**Work task**
Below is a listing. Quote from it, exactly, the lines from the one containing "Abstimmung über Brexit-Deal" down to the one containing "Un'azione di gioco", both ends included, and nothing else.

**Input for this task**
BEGIN
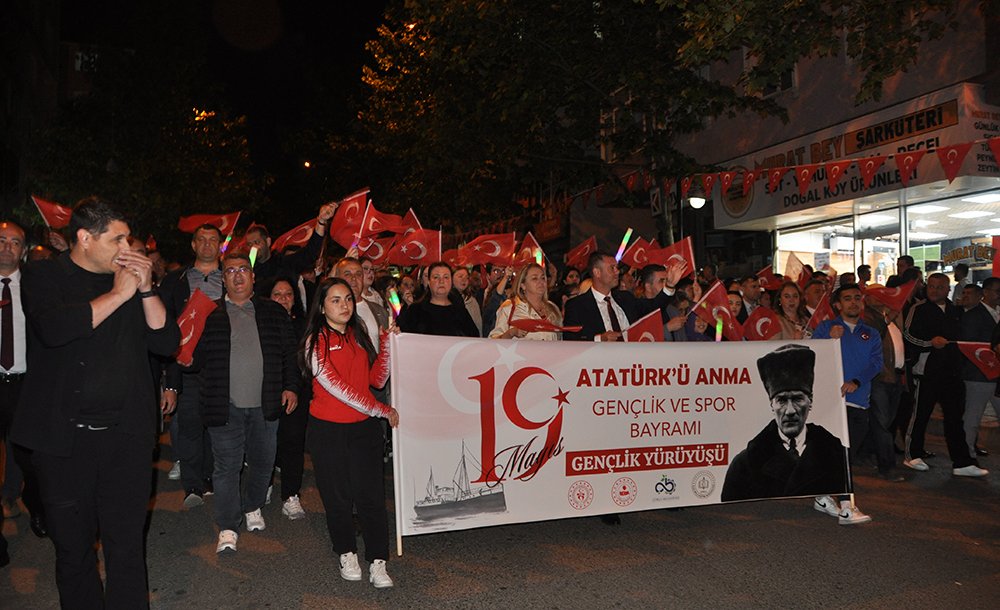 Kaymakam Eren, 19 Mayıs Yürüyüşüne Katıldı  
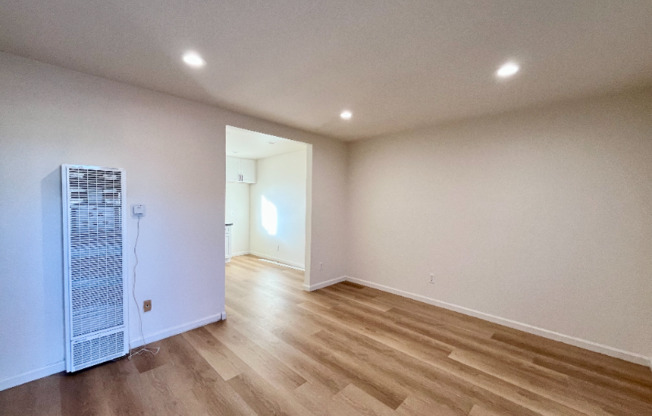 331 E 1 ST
END
BEGIN
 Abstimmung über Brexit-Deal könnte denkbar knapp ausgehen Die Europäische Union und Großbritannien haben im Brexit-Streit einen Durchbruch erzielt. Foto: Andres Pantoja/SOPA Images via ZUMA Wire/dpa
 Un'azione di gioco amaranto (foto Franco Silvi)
END
**Completed exercise**
 Abstimmung über Brexit-Deal könnte denkbar knapp ausgehen Die Europäische Union und Großbritannien haben im Brexit-Streit einen Durchbruch erzielt. Foto: Andres Pantoja/SOPA Images via ZUMA Wire/dpa
 Un'azione di gioco amaranto (foto Franco Silvi)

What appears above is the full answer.